=== Begin Enclosure ===

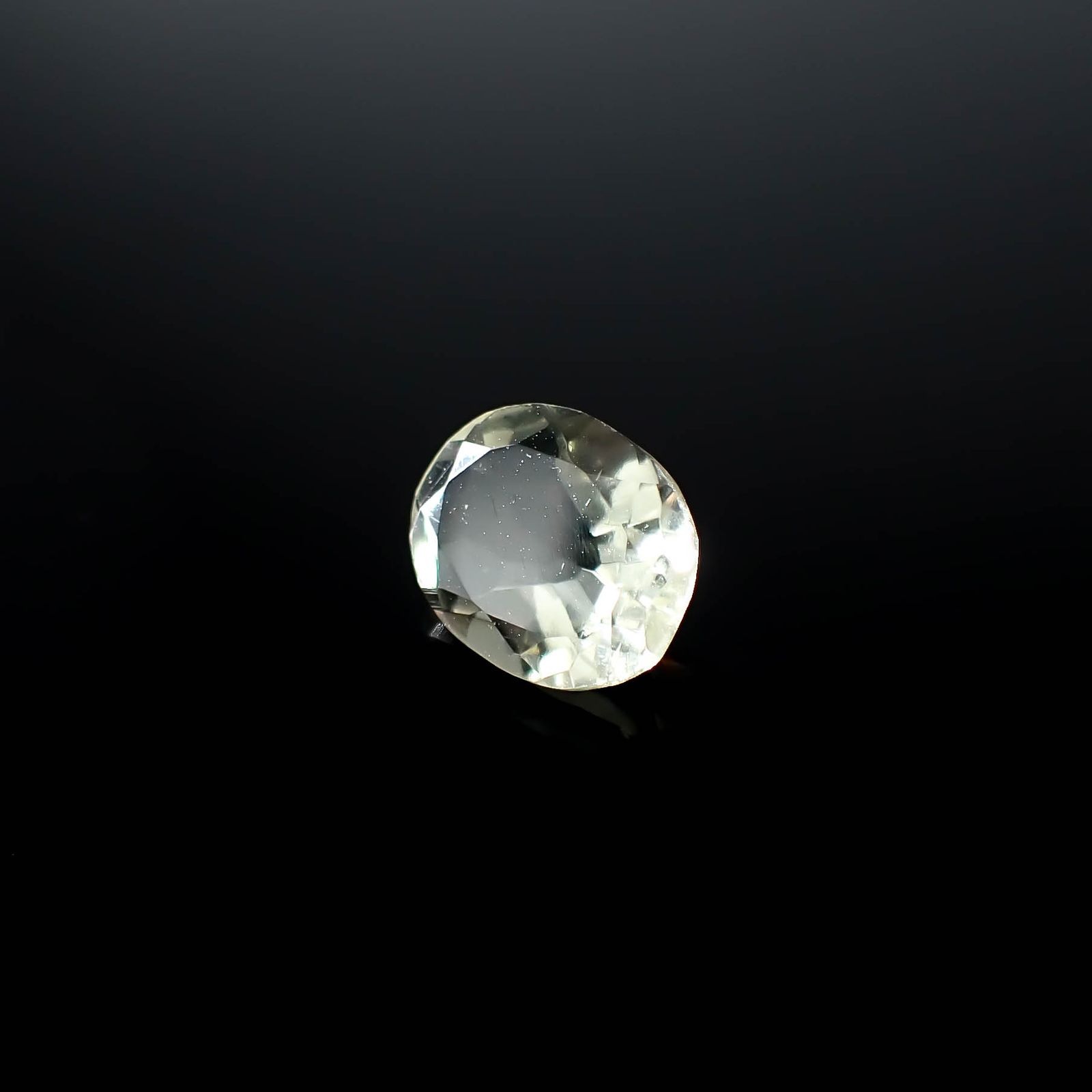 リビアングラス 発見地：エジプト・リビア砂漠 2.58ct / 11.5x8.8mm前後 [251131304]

=== End Enclosure ===
=== Begin Enclosure ===

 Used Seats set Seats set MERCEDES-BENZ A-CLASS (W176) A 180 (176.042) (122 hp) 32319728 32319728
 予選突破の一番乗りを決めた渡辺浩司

=== End Enclosure ===

> Problem statement
Write out, from the lines above, only those from the line with "Used Seats set" to the line with "予選突破の一番乗りを決めた渡辺浩司", exactly as given, including the first and the last.

> Solution for this exercise
 Used Seats set Seats set MERCEDES-BENZ A-CLASS (W176) A 180 (176.042) (122 hp) 32319728 32319728
 予選突破の一番乗りを決めた渡辺浩司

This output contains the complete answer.